It’s no secret brick-and-mortar retail has been on its heels, fighting to adapt to online preferences and stay relevant in a space that’s become dominated by Amazon. Earlier this year, Macy’s announced it would close 125 stores in “lower-tier malls” in the next three years, which is a blip compared to the more than 9,000 retail stores that research and advisory firm Coresight Research says closed in 2019. At the beginning of this year, various retailers announced they planned another 1,000 store closures, and those moves were before we were in the middle of an economic punch to the gut brought on by the coronavirus pandemic.
Since the virus outbreak and subsequent lockdowns, the list of retailers that have filed for bankruptcy and/or announced closures has grown substantially. An ongoing list compiled by “Forbes” includes 24 Hour Fitness (more than 100 closures), CMX Cinemas (41 closures), JCPenney (850 closures), Modell’s Sporting Goods (153 closures), and Neiman Marcus (Chapter 11). These retailers join a gutted roster of brands that already included Kmart, Sears and Toys R Us.
These particular brands are noteworthy in part because they occupy spaces that could draw interest from developers, investors and operators as potential sites ripe for conversion to self-storage. And, in an eyebrow-raising twist, many of these sites could also be targeted by Amazon, which is reportedly looking to establish a network of fulfillment centers to increase the speed of delivery times to customers. Though same-day delivery on some items is available from Amazon in some cities across the nation, increasing the number of fulfillment sites in close proximity to shoppers has the potential to make shopping online for a lamp or book akin to ordering a pizza.
“The Wall Street Journal” (WSJ) broke the story, with a report that Amazon has been in talks with Simon Property Group Inc., a real estate investment trust that happens to be the largest mall operator in America. Simon properties alone include 11 Sears and 63 JCPenney stores, according to WSJ.
Though Amazon officials have so far dismissed the WSJ report as “market rumors,” the move certainly makes a lot of sense for both companies. Simon is understandably trying to fill anchor spaces at a time when public foot traffic is at a standstill and the future of brick-and-mortar retail is uncertain. A deal with Amazon could potentially fill dozens of spaces as opposed to one-off solutions, such as a gym or entertainment venue.
“It will be particularly hard to find new tenants for the large spaces once occupied by department stores,” Neil Saunders, managing director of consultancy GlobalData Retail, told “USA Today.” “Some of the alternative uses that were once floated, like gyms, are no longer feasible in the short term. This means that warehouse and fulfillment centers are an increasingly appealing option.”
Self-storage operators have a long track record for revitalizing vacant structures and transforming them into viable commercial businesses. Properties that have been successfully converted to self-storage include former industrial buildings, multi-story apartments and retail space. U-Haul International Inc., in particular, has targeted former Kmart locations, along with other retail spaces vacated by Big Lots, JCPenney, Macy’s, Sears and Toys R Us, among others.

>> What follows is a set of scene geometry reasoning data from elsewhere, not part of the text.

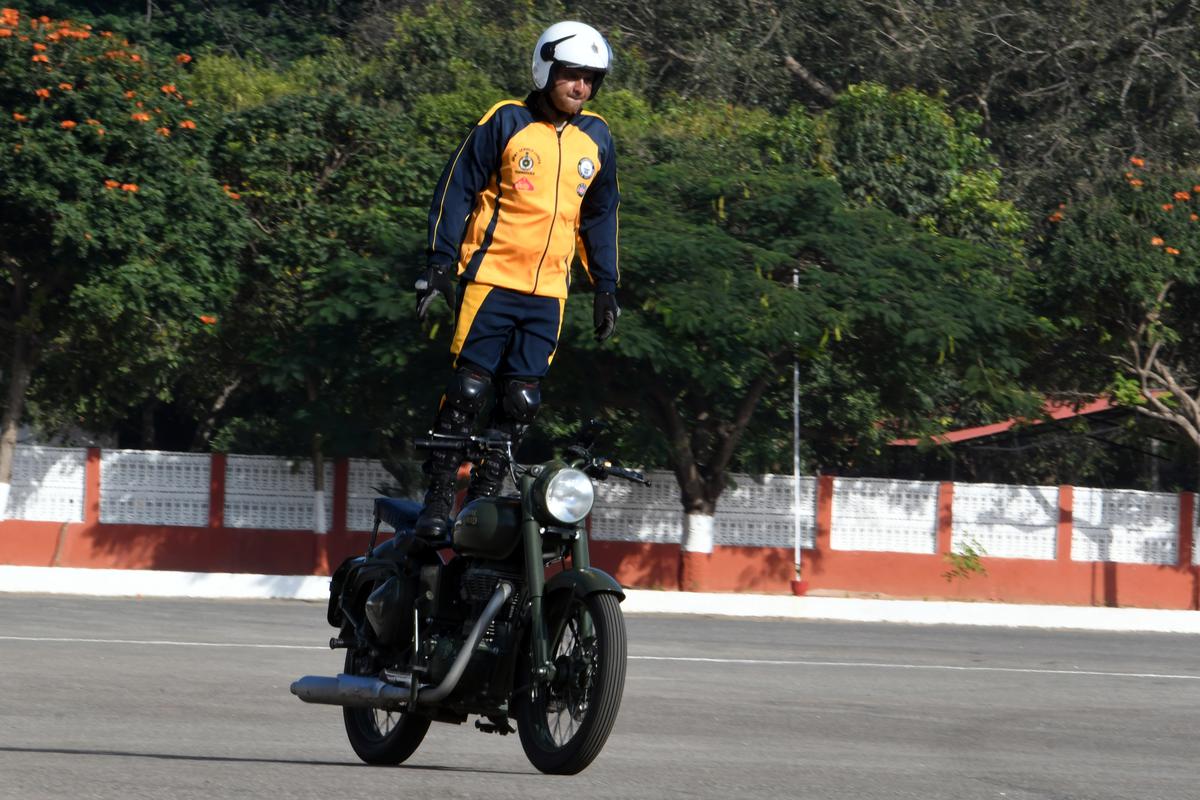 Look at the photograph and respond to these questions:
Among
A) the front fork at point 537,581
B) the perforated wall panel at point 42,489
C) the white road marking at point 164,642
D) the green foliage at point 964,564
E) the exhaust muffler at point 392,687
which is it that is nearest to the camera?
the front fork at point 537,581

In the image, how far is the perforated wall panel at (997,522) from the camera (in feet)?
71.5

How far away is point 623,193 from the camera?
19578 millimetres

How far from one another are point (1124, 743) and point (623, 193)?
41.9ft

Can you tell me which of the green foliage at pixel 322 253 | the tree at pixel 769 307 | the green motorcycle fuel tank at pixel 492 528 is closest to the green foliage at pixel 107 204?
the green foliage at pixel 322 253

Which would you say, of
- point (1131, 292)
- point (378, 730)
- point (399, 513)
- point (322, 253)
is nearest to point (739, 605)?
point (1131, 292)

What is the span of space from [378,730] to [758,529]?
15.7m

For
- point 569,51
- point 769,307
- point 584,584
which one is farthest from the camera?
point 769,307

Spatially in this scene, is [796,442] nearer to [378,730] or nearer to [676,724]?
[676,724]

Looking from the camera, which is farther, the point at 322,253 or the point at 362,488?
the point at 362,488

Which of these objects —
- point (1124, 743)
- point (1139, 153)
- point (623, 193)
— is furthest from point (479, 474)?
point (1139, 153)

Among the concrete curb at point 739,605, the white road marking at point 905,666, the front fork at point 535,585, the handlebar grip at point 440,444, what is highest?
the handlebar grip at point 440,444

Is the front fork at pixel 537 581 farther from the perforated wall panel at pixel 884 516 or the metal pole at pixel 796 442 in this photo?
the perforated wall panel at pixel 884 516

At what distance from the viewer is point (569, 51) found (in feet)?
18.1

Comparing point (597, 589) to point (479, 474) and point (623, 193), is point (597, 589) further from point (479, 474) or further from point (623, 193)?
point (623, 193) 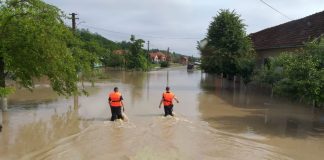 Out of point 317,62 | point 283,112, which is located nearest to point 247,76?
point 283,112

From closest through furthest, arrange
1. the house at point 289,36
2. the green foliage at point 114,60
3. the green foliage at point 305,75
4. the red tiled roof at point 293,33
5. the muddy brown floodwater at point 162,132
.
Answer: the muddy brown floodwater at point 162,132 → the green foliage at point 305,75 → the red tiled roof at point 293,33 → the house at point 289,36 → the green foliage at point 114,60

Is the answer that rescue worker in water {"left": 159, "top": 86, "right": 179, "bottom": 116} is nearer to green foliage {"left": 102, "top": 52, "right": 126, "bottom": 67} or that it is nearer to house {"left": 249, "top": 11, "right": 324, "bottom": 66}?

Self-storage conversion projects have been an advantageous way for operators and developers to find coveted space in urban centers that simply don’t have strategic land available for sprawling sites. In major and secondary markets, these properties have proven valuable for self-storage operators to mine areas with enough demand to meet supply for the same reasons the properties make sense for Amazon—proximity to customers. They also have made sense for municipalities, particularly in cases where structures have stood vacant for long durations, unable to lure developers of other uses like coffee shops, grocery stores, restaurants and offices.
If the Amazon story proves true, the question becomes whether self-storage developers will find themselves in bidding wars with the online giant for the most coveted spaces—a prospect they’re likely to lose. Property owners and municipalities could both try to keep self-storage developers at arm’s length in the hopes of luring Amazon and/or higher returns on land sales, lease terms, tax revenue and local job creation.
The frequency of those skirmishes will likely be rare, particularly if Amazon is apt to buy or lease in bulk, though it’s possible a sizable operator could make a similar play like U-Haul did in 2018 when it snatched up 13 former Kmart and Sears locations. The sad reality is there will likely be plenty of space for everyone. In June, Coresight Research forecast as many as 25,000 store sites could shutter this year, which was an increase from its earlier prediction of 15,000.
The problems facing traditional retail were laid bare long before the economic impact from the coronavirus pandemic, but the current predicament has exacerbated the situation and perhaps accelerated many retailers’ fate. There are no easy solutions or quick fixes. Suggestions for revitalizing former retail sites have varied from community spaces with affordable housing to medical clinics to data centers to indoor farms.
Perhaps all are viable once we emerge from this health crisis and its economic consequences. Once the prevailing fogginess of today begins to subside, long-term possibilities and intentions will become more evident. In the meantime, self-storage development activity has continued at a somewhat surprising clip, so it makes good business sense to keep an eye on those who may wish to vie for the same real estate, including Amazon.